Please restate, word for word, each line from the one containing "10kg 1g Electronic" through the end of the entries below.

Excerpts from a dataset:
>>

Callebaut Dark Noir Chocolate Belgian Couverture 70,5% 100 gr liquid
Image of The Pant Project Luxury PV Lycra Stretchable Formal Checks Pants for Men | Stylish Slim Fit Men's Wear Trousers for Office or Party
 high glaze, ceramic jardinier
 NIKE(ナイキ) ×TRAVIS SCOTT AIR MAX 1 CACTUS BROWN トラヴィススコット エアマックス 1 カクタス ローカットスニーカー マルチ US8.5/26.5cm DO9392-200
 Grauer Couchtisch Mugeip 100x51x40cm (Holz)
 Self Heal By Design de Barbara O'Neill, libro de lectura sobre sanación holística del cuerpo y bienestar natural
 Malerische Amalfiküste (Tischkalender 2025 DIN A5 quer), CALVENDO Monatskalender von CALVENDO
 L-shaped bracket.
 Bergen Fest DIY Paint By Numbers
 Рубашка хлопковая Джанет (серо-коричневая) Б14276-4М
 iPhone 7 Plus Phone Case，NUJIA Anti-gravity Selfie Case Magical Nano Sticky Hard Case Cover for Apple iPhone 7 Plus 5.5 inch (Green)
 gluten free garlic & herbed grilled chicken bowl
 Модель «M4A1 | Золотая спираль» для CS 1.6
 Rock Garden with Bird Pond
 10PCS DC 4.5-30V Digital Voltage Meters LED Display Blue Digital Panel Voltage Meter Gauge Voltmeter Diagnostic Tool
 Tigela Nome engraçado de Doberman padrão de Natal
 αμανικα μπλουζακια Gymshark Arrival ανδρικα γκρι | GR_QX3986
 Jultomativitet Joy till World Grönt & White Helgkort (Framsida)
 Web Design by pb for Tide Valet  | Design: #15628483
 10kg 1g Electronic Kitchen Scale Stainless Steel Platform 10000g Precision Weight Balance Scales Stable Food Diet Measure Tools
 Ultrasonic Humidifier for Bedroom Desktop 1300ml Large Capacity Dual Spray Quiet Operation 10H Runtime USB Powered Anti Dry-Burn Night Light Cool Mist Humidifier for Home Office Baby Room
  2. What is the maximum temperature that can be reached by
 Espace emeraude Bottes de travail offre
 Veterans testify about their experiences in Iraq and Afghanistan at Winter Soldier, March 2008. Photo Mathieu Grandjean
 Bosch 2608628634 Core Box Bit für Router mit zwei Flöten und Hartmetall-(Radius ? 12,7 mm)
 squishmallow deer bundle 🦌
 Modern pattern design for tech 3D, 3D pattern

<<

Answer section:
 10kg 1g Electronic Kitchen Scale Stainless Steel Platform 10000g Precision Weight Balance Scales Stable Food Diet Measure Tools
 Ultrasonic Humidifier for Bedroom Desktop 1300ml Large Capacity Dual Spray Quiet Operation 10H Runtime USB Powered Anti Dry-Burn Night Light Cool Mist Humidifier for Home Office Baby Room
  2. What is the maximum temperature that can be reached by
 Espace emeraude Bottes de travail offre
 Veterans testify about their experiences in Iraq and Afghanistan at Winter Soldier, March 2008. Photo Mathieu Grandjean
 Bosch 2608628634 Core Box Bit für Router mit zwei Flöten und Hartmetall-(Radius ? 12,7 mm)
 squishmallow deer bundle 🦌
 Modern pattern design for tech 3D, 3D pattern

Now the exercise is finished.